[Opening EXCERPTED DATA section]
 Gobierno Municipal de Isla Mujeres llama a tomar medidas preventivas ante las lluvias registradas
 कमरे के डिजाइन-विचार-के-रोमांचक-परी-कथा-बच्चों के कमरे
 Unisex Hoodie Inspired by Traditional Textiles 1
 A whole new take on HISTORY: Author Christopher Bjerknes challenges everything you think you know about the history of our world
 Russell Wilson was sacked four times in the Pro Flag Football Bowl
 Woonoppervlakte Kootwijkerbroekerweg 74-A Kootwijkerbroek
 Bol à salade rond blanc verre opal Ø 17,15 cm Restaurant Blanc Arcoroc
[Closing EXCERPTED DATA section]
[Opening EXCERPTED DATA section]
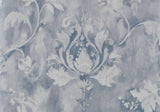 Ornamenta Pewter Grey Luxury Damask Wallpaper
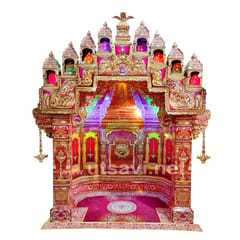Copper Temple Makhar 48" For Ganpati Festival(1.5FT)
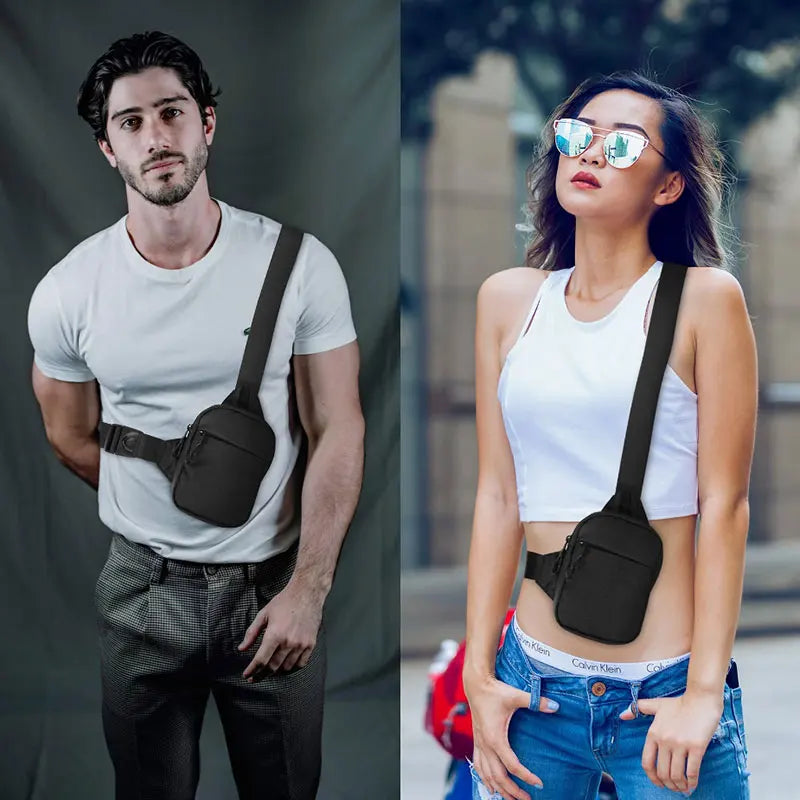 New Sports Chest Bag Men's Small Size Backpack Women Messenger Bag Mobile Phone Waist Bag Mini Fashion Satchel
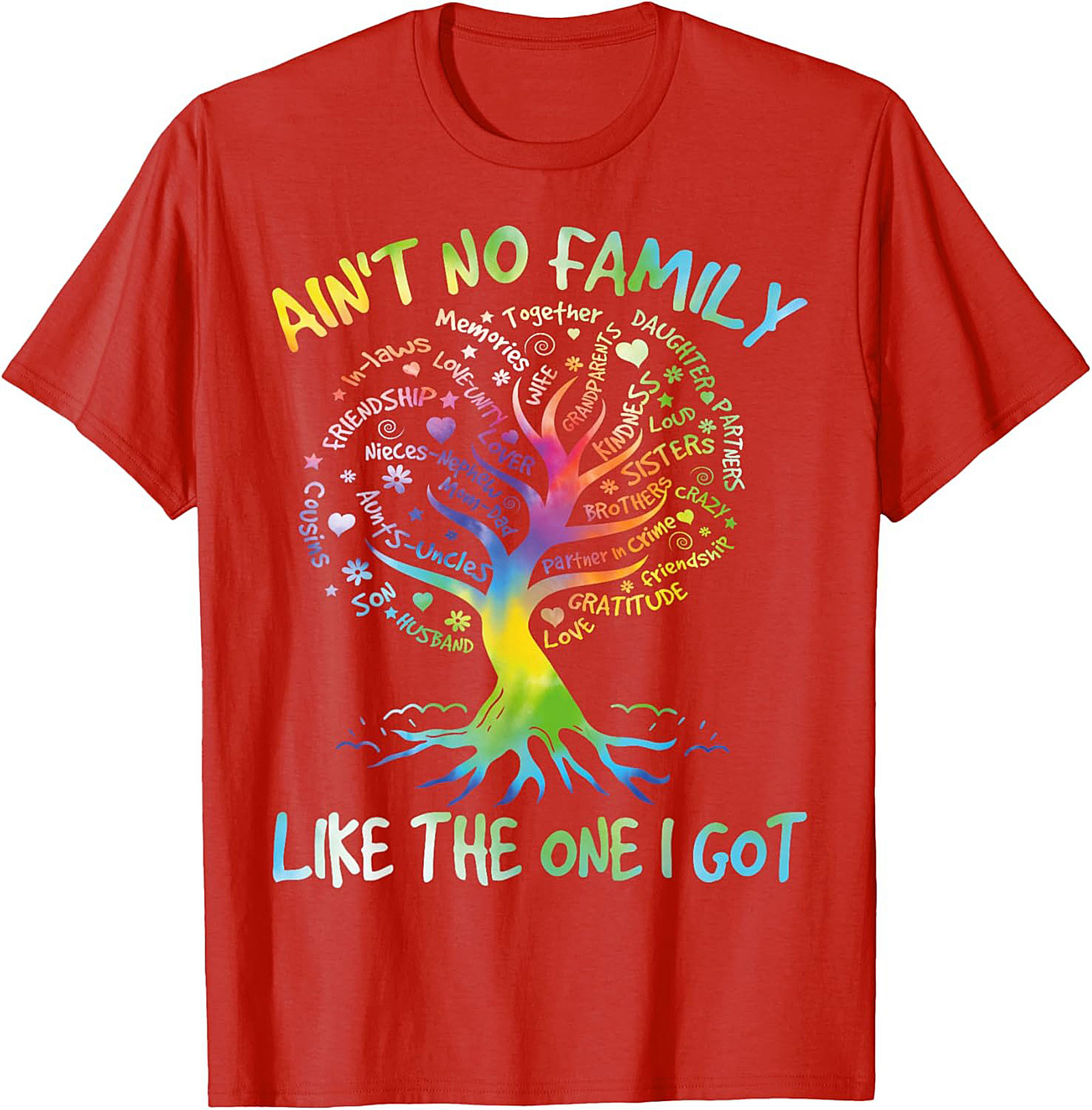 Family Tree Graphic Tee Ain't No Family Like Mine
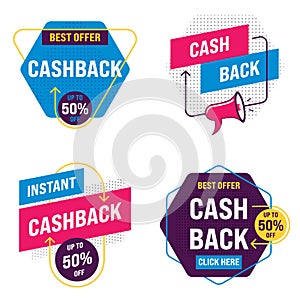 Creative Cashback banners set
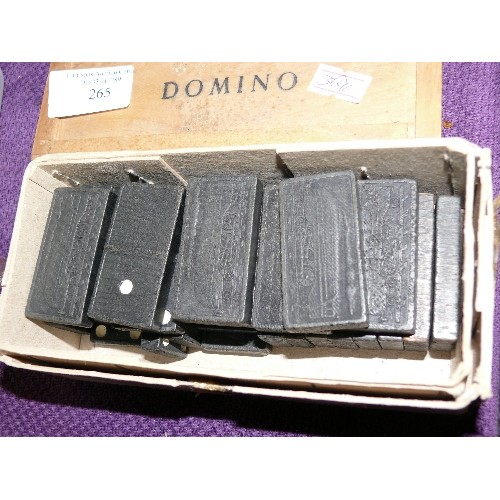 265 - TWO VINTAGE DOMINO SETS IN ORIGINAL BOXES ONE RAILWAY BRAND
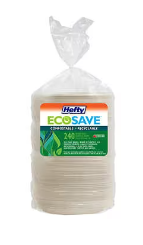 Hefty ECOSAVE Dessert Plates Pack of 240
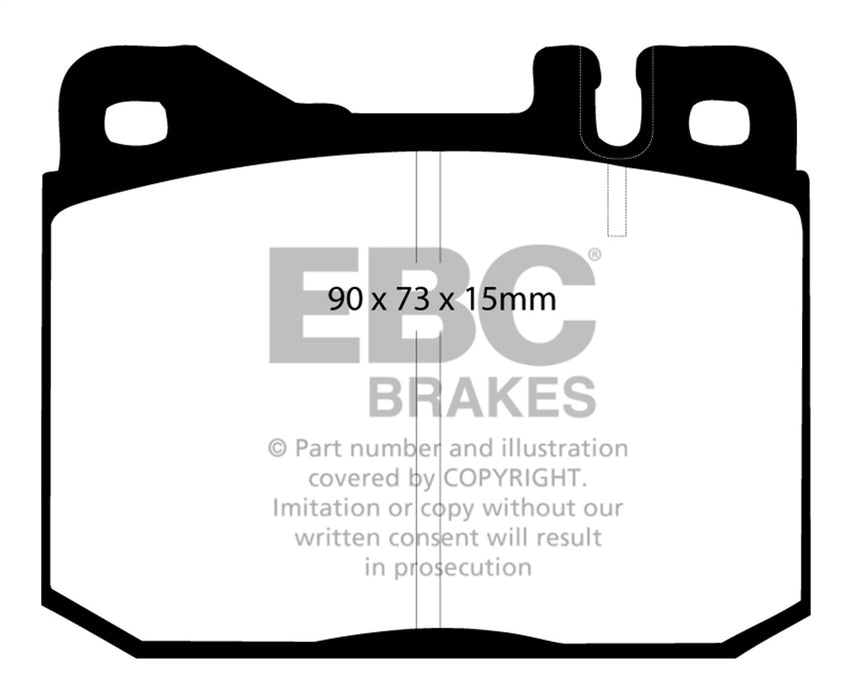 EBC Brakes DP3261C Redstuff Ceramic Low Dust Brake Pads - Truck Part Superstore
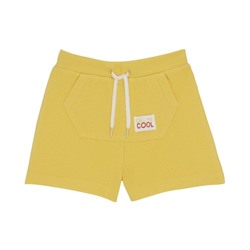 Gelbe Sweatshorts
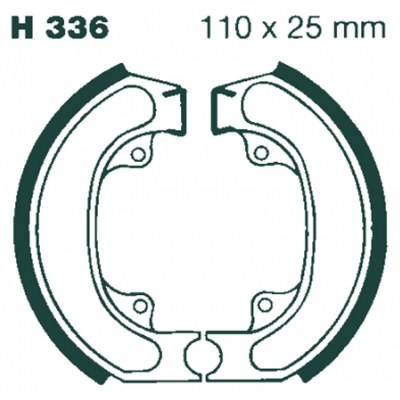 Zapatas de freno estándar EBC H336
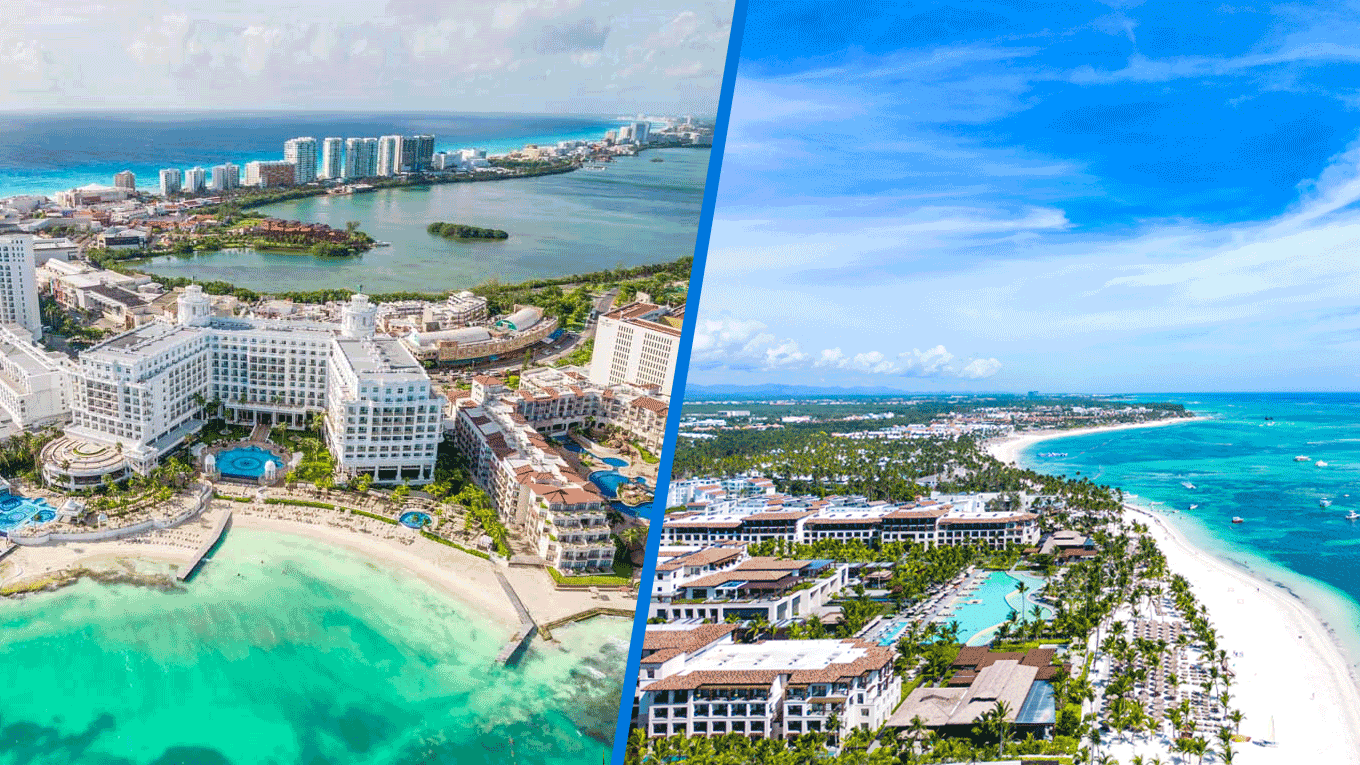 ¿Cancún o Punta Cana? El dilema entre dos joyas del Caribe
[Closing EXCERPTED DATA section]
§ DIRECTIONS FOR THIS TASK:
I would like the exact lines from the data above, starting with the one that holds "Zapatas de freno estándar EBC H336" and going on through the one that holds "joyas del Caribe", without the pictures.

§ THE COMPLETED TASK:
 Zapatas de freno estándar EBC H336
 ¿Cancún o Punta Cana? El dilema entre dos joyas del Caribe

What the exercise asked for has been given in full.